Çocuklar, buradan aldıkları yüzme eğitimi sayesinde katıldıkları ulusal yarışmalarda bugüne kadar, Türkiye birinci ve ikinciliklerinin yanında çok sayıda madalya alma başarısı gösterdi.
Rektör Prof. Dr. Abdulhalik Karabulut, AA muhabirine, Yükseköğretim Kurulu (YÖK) tarafından verilen “Mekanda Erişilebilirlik”, “Eğitimde Erişilebilirlik” ve “Sosyo-Kültürel Faaliyetlerde Erişilebilirlik” kategorilerinde son üç yılda 13 birimle 22 ödüle layık görüldüklerini söyledi.
En fazla “engelsiz üniversite” ödülü alan 3-4 üniversiteden biri olduklarını ve engellilerin yaşamlarını kolaylaştırmak için eğitim programları düzenlediklerini dile getiren Karabulut, bu kapsamda da Engelsiz Yaşam Merkezi’ni hayata geçirdiklerini belirtti.
“Bizim asıl amacımız kar etmek değil”
Dezavantajlıların hayata tutunmalarını kolaylaştırmak ve onlara yardımcı olmak için gayret gösterdiklerini anlatan Karabulut, şöyle devam etti:
“Bizim asıl amacımız kar etmek değil.
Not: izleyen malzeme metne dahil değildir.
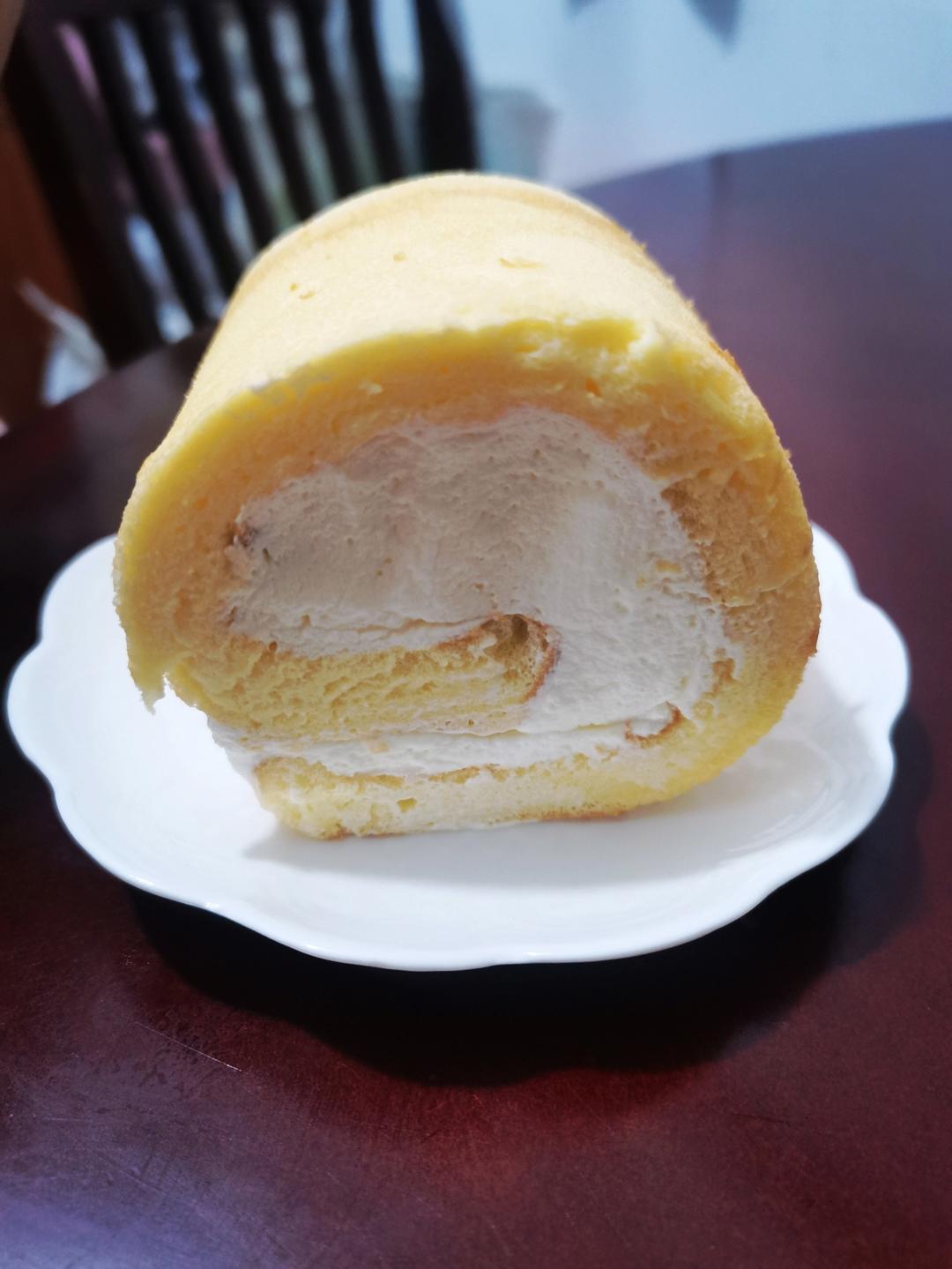 原味蛋糕卷㊙️不掉皮不开裂配方分享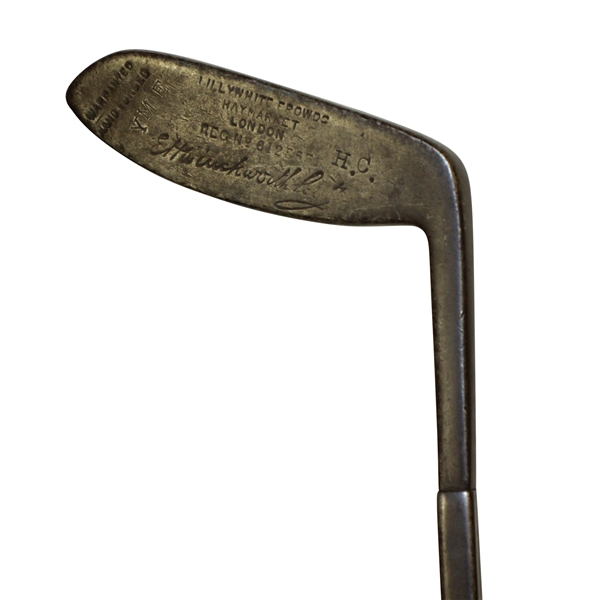 Circa 1913 Edwin Winkworth Stamped Squared Steel Shaft Putter w/ Rainbow Dot Face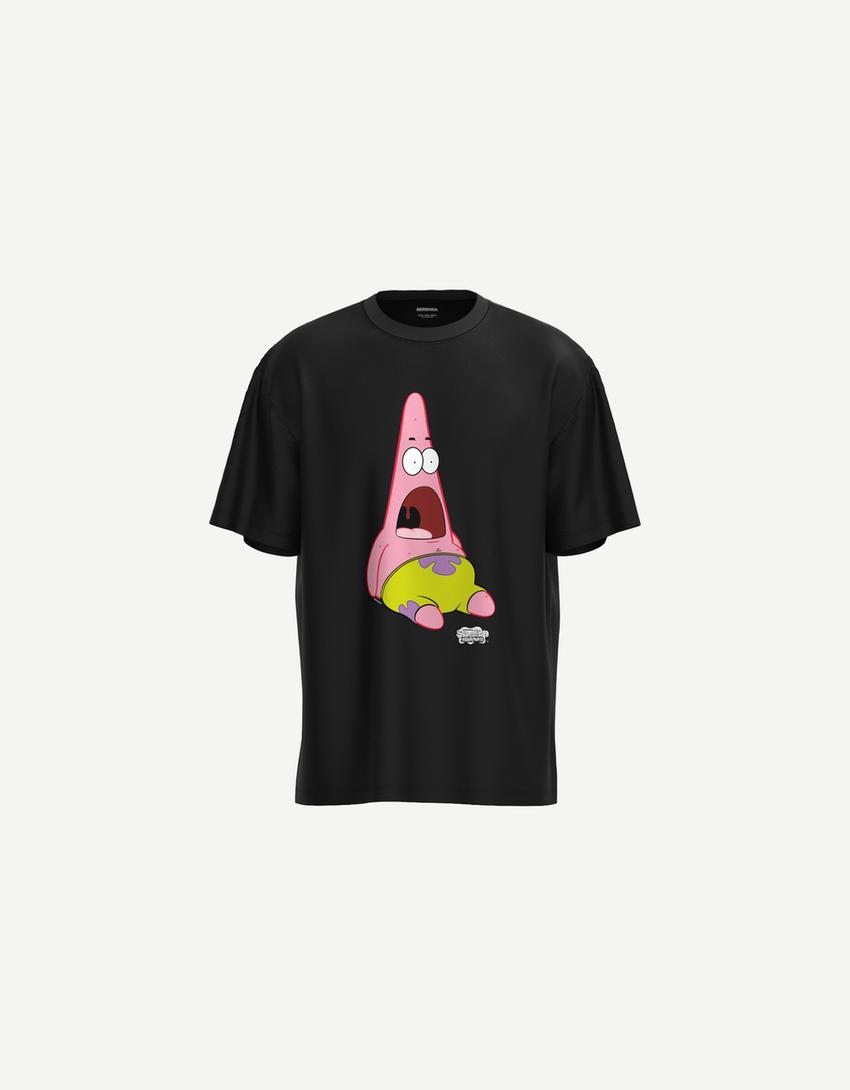 Short sleeve SpongeBob T-shirt-Black-3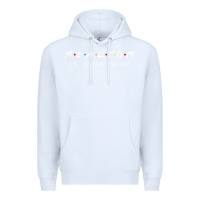 White realtor i'll be there for you long sleeve Premium Hoodie - PixelWave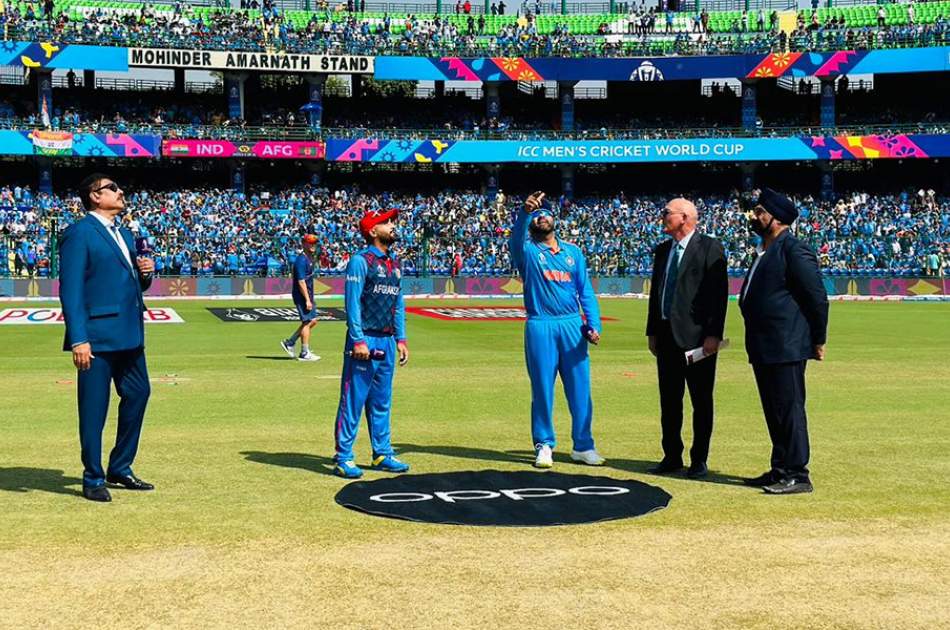 Afghanistan wins the toss and bats first against India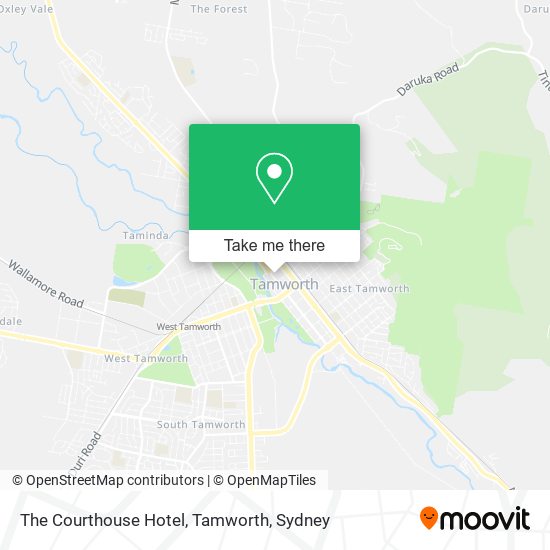 The Courthouse Hotel, Tamworth map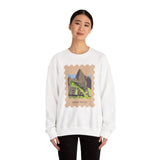 Stamp Machu Picchu Peru Unisex Sweatshirt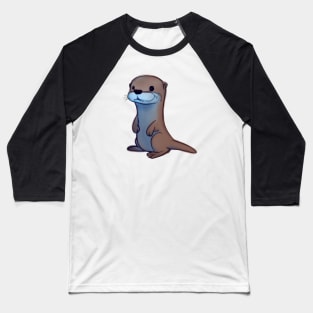 Cute Otter Drawing Baseball T-Shirt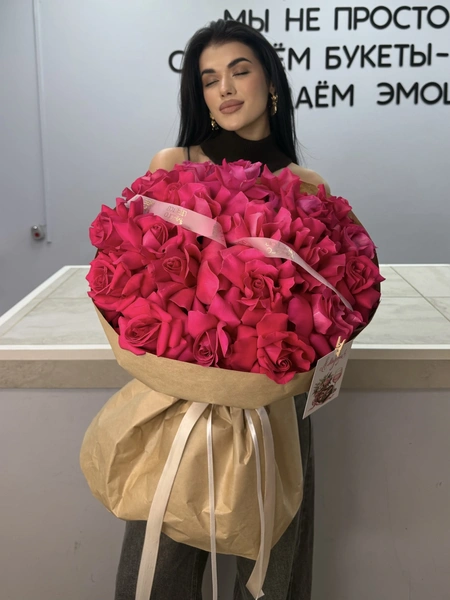 Французские розы 21шт №56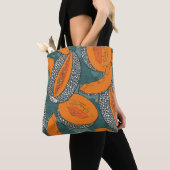 Cantaloupe-Muster Tasche (Von Nahem)
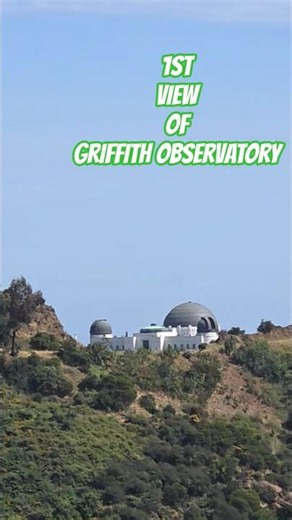 My First View | Griffith Observatory | #shorts #travel #california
Bu amaçlarımızı da büyük oranda gerçekleştirdik ve karşılık bulduğunu hep gördük. Ayrıca engelli kardeşlerimize yüzme eğitimi de veriyoruz. 13-14 yaşına gelmiş ve hiç yürüyememiş yüzde 90 üzerinde engelli olan kardeşlerimizin yüzme eğitimiyle yürümeye başladıklarını, hayata tutunduklarını görüyoruz. Son 3 yıldır bu engelli gençlerimizin özellikle yüzme eğitimiyle Türkiye’de ve ulusal yarışmalarda dereceler aldıklarına şahit olduk.”
“O kardeşlerimizin üretime katkılarını ve heveslerini gördüğünüzde sizler de daha fazla motive oluyorsunuz ve onlar için daha fazla ‘neler yapabilirimin’ cevabını bulmaya çalışıyorsunuz.” diyen Karabulut, “Bilimin Sevgiyle Bütünleştiği Bir Üniversite” parolasıyla yollarına devam ettiklerini, engellilerin de bu sevgi yumağı içerisinde yer almalarını çok istediklerini dile getirdi.
En az yüzde 40 engeli olanların Engelsiz Yaşam Merkezi’nde çalışabildiğini ve onların yüzlerindeki tebessümün hiçbir şeyle değiştirilemeyeceğini ifade eden Karabulut, şunları kaydetti:
“Engelsiz Yaşam Merkezi’mizde 18 aylık proje çerçevesinde 20’den fazla kardeşimiz çalışıyordu. Bu gençlerimiz 6 ayda bir değiştiriliyordu. 18 ay bittikten sonra şu anda 8 kardeşimiz orada çalışıyor. Bu 8 engelli kardeşimiz ürettikleriyle maaşlarını alabiliyorlar. Oradaki döngü onların çalışmasıyla dönüyor. Biz üniversitenin bütçesinden bir katkı yapmıyoruz.”
Karabulut, Kovid-19 sürecine rağmen engellilerin ürettikleri ürünlerle üniversite ekonomisine 1 milyon liradan fazla katkı sağladığını anlattı.
“Aldığım ücreti eğitimime harcıyorum”
Üniversite öğrencilerinden 22 yaşındaki işitme engelli Berfin Barış da kısmi zamanlı merkezde çalıştığını belirterek, “1 yıldır burada çalışıyorum. Burada zaman güzel geçiyor. Haftanın 5 günü, günlük 3 saat çalışıyorum. Aldığım ücreti eğitimime harcıyorum.” ifadelerini kullandı.
Yürüme engelli Niğdeli 24 yaşındaki Songül Yaşar ise 1 aydır işe başladığını ve toplumun engellilere karşı daha fazla duyarlı olması halinde engellerin ortadan kalkacağını söyledi.